Diagnosing problems on robots is hard. The data rates are high, sensing is imperfect, and there are many state variables to keep track of. Keeping track of problems that are related to erroneous perception are doubly challenging. Without a recording of the ground truth of an event, it can be hard to even know if the sensing was off, or if some other aspect was broken. Fortunately, for things the size and scope of small dynamic quadrupeds, video recording provides a great way to keep a record of the ground truth state of the machine. Relatively inexpensive equipment can record high resolution images at hundreds of frames a second documenting exactly where all the extremities of the robot were and what it was doing in time.
To take advantage of that, my task here is to get video playback integrated into tplot2, so that the current image from some video can be shown on the screen synchronized with the timeline scrubber.
Making it happen
Here I was able to use large amounts of the code that I developed for the Mech Warfare control application. I already had the ability to render ffmpeg data to an OpenGL texture. The missing pieces I needed were getting that texture into an imgui window and adding seek support.

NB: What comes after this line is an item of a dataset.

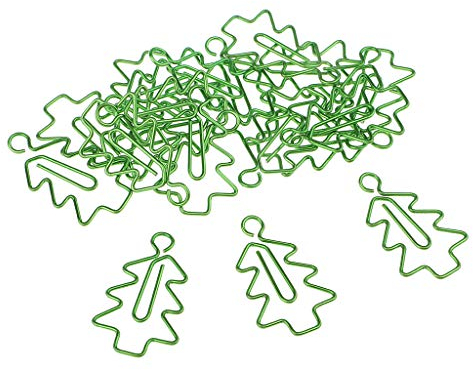 20 Stück Multicolor Metall Weihnachtsbaum Form Deko Büroklammern Motiv Heftklammern Papierklammern Set Kleine Klammern - Grün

The former was straightforward. imgui has a
ImageButton widgets which allow you to draw an arbitrary OpenGL texture into an imgui widget.
The latter was a little more annoying, only because the ffmpeg API had a slightly unusual behavior. Even after
av_seek_frame was called, one frame from the old point would still be emitted. This confused my seeking logic, possibly causing it to ignore frames. However, after discarding that one stale frame, it worked seemingly just fine.
Next I’ll cover the last major piece I added to tplot2 to help with issue diagnosis.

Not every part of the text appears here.